Nic się nie działo, naprawdę nic się nie działo. Parafrazując znaną stadionową przyśpiewkę można scharakteryzować w ten sposób początek tygodnia na miejscowym rynku. Sesja nudy i zaawansowanego trendu bocznego. Wielkość obrotów może być niezłym wyznacznikiem poziomu marazmu. Do fiksingu 380 mln na Wigu20. Co przez cały dzień daje 45 mln obrotu na godzinę handlu. Żenujące. Po fiksingu dobiło do 433 mln na indeksie największych spółek. Nadal bez rewelacji. Przy takiej aktywności jakikolwiek ruch poza wsparcie bądź opór miałby znikome znaczenie prognostyczne.
Wytłumaczenia można znaleźć dwa: jednym jest powszechne oczekiwanie rynków europejskich na koniec tygodnia i na decyzje szczytu Unii Europejskiej (jak to powiedział Piotr Sieradzan z Trigona dziś w wiodącej telewizji biznesowej – preferujmy analizę polityczną zamiast technicznej )
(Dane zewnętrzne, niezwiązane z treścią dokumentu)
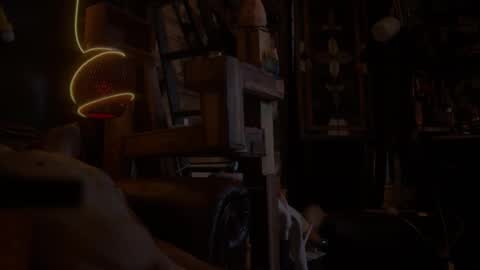 rockemx online show from 03/09/26, 04:11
Drugim spokojny start rolowania pozycji z grudnia na marzec FW20H12 (mamy tam 13 720 pozycji wobec 6323 po sesji piątkowej). Przy zauważalnym zaangażowaniu podmiotów ujętych w zestawieniu: http://gpw.pl/koncentracja_otwartych_pozycji należy spodziewać się dociągnięcia do rozliczenia bez większych fajerwerków co pozwoli w spokoju ustawić się na przyszłość na nowej serii. Warto obserwować zmiany bo może okazać się to pomocne w prognozowaniu kierunku „leszczenia ulicy” w nadchodzącym kwartale
Z punktu widzenia krótkoterminowego tradera na futuresie Z11 mieszamy się pod oporem 231x i ponad wsparciem 226x - gramy od ściany do ściany dopóki nie przejdziemy któregokolwiek na zauważalnym obrocie – dopiero to może pokazać kierunek.